Aim of the exercise |
In the records below, find the line that contains "Filesize=452KiB" and the line that contains "باید برای استقلال،", then retype exactly those two lines and every line between them.

Records for this exercise |
┄┄┄┄┄┄
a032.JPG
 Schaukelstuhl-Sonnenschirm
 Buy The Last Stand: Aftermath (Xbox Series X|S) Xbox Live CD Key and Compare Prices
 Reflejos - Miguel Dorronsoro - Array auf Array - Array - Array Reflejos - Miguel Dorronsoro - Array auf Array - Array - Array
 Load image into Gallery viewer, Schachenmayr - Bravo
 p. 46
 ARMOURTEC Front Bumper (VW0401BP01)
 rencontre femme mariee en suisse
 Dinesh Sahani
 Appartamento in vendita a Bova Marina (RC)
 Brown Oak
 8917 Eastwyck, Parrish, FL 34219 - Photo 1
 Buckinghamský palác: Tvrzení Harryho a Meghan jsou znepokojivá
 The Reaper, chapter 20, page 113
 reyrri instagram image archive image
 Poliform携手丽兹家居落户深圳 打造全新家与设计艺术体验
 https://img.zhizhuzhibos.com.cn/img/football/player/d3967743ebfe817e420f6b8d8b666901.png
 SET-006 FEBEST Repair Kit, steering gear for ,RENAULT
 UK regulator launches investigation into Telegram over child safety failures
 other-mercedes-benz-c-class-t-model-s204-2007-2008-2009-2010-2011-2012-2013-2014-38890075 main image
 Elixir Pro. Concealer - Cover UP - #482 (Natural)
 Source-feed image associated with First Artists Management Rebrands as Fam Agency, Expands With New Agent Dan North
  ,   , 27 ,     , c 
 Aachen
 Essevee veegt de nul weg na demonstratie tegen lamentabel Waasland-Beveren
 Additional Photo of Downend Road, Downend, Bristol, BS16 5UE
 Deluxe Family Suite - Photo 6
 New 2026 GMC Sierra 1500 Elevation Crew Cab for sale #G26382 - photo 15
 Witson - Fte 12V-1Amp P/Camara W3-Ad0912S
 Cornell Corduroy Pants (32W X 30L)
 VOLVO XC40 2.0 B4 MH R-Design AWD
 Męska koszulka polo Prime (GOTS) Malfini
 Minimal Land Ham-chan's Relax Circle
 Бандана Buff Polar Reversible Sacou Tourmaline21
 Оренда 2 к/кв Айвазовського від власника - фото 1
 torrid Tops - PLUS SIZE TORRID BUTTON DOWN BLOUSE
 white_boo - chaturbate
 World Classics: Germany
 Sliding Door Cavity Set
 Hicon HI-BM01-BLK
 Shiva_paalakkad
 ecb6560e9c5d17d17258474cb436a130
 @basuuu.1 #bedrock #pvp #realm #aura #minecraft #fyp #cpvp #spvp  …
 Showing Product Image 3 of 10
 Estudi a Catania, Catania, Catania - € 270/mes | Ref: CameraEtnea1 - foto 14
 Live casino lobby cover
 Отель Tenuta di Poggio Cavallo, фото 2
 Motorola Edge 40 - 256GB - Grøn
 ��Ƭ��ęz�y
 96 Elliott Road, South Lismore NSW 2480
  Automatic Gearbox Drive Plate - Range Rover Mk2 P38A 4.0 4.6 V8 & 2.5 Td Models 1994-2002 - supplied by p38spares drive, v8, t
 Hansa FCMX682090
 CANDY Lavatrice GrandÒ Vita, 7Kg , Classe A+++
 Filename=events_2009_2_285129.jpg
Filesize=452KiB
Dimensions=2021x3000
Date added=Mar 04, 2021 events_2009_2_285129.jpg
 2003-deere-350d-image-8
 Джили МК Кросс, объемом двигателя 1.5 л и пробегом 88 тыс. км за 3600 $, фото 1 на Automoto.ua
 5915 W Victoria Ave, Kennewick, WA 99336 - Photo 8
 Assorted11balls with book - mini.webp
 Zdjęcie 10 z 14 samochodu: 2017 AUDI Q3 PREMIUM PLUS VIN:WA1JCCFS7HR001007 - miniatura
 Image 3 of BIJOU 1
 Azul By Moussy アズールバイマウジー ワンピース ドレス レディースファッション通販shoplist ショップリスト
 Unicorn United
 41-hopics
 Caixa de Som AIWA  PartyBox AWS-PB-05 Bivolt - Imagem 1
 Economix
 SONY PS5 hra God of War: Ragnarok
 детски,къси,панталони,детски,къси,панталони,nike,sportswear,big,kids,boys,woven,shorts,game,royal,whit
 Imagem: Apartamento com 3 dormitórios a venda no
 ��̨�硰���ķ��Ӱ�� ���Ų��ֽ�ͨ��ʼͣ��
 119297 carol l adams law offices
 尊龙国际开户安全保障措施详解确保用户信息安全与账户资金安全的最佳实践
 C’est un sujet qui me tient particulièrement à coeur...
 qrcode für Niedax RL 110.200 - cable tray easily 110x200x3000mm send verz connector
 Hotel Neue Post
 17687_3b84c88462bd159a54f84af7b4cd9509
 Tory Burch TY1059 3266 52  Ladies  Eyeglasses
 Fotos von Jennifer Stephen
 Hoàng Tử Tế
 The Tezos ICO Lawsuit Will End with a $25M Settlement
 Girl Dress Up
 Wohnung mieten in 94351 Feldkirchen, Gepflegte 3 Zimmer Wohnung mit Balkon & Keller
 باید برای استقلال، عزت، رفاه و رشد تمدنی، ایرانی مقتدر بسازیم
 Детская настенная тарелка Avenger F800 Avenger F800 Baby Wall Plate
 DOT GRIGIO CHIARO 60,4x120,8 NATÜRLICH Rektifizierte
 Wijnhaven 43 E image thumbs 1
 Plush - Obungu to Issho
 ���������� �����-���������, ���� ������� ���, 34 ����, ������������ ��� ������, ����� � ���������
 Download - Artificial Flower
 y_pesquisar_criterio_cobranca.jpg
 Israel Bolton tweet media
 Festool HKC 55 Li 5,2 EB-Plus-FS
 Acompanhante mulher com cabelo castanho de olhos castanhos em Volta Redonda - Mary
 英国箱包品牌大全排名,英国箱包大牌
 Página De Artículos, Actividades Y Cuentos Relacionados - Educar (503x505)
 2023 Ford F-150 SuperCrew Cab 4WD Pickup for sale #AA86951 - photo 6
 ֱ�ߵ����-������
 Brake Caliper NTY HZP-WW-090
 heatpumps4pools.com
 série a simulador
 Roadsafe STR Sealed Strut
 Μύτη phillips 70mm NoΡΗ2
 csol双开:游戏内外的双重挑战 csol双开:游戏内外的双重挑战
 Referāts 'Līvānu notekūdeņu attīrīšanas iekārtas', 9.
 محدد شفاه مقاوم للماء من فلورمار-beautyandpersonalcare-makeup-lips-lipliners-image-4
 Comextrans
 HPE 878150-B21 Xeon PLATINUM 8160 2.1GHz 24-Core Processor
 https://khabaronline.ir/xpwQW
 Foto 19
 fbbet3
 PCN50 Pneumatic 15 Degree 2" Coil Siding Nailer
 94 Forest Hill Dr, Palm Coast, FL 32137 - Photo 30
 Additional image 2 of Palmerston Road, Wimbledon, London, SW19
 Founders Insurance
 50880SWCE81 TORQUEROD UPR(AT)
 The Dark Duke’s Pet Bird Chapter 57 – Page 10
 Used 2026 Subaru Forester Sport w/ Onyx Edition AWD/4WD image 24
┄┄┄┄┄┄
Problem solution |
Filesize=452KiB
Dimensions=2021x3000
Date added=Mar 04, 2021 events_2009_2_285129.jpg
 2003-deere-350d-image-8
 Джили МК Кросс, объемом двигателя 1.5 л и пробегом 88 тыс. км за 3600 $, фото 1 на Automoto.ua
 5915 W Victoria Ave, Kennewick, WA 99336 - Photo 8
 Assorted11balls with book - mini.webp
 Zdjęcie 10 z 14 samochodu: 2017 AUDI Q3 PREMIUM PLUS VIN:WA1JCCFS7HR001007 - miniatura
 Image 3 of BIJOU 1
 Azul By Moussy アズールバイマウジー ワンピース ドレス レディースファッション通販shoplist ショップリスト
 Unicorn United
 41-hopics
 Caixa de Som AIWA  PartyBox AWS-PB-05 Bivolt - Imagem 1
 Economix
 SONY PS5 hra God of War: Ragnarok
 детски,къси,панталони,детски,къси,панталони,nike,sportswear,big,kids,boys,woven,shorts,game,royal,whit
 Imagem: Apartamento com 3 dormitórios a venda no
 ��̨�硰���ķ��Ӱ�� ���Ų��ֽ�ͨ��ʼͣ��
 119297 carol l adams law offices
 尊龙国际开户安全保障措施详解确保用户信息安全与账户资金安全的最佳实践
 C’est un sujet qui me tient particulièrement à coeur...
 qrcode für Niedax RL 110.200 - cable tray easily 110x200x3000mm send verz connector
 Hotel Neue Post
 17687_3b84c88462bd159a54f84af7b4cd9509
 Tory Burch TY1059 3266 52  Ladies  Eyeglasses
 Fotos von Jennifer Stephen
 Hoàng Tử Tế
 The Tezos ICO Lawsuit Will End with a $25M Settlement
 Girl Dress Up
 Wohnung mieten in 94351 Feldkirchen, Gepflegte 3 Zimmer Wohnung mit Balkon & Keller
 باید برای استقلال، عزت، رفاه و رشد تمدنی، ایرانی مقتدر بسازیم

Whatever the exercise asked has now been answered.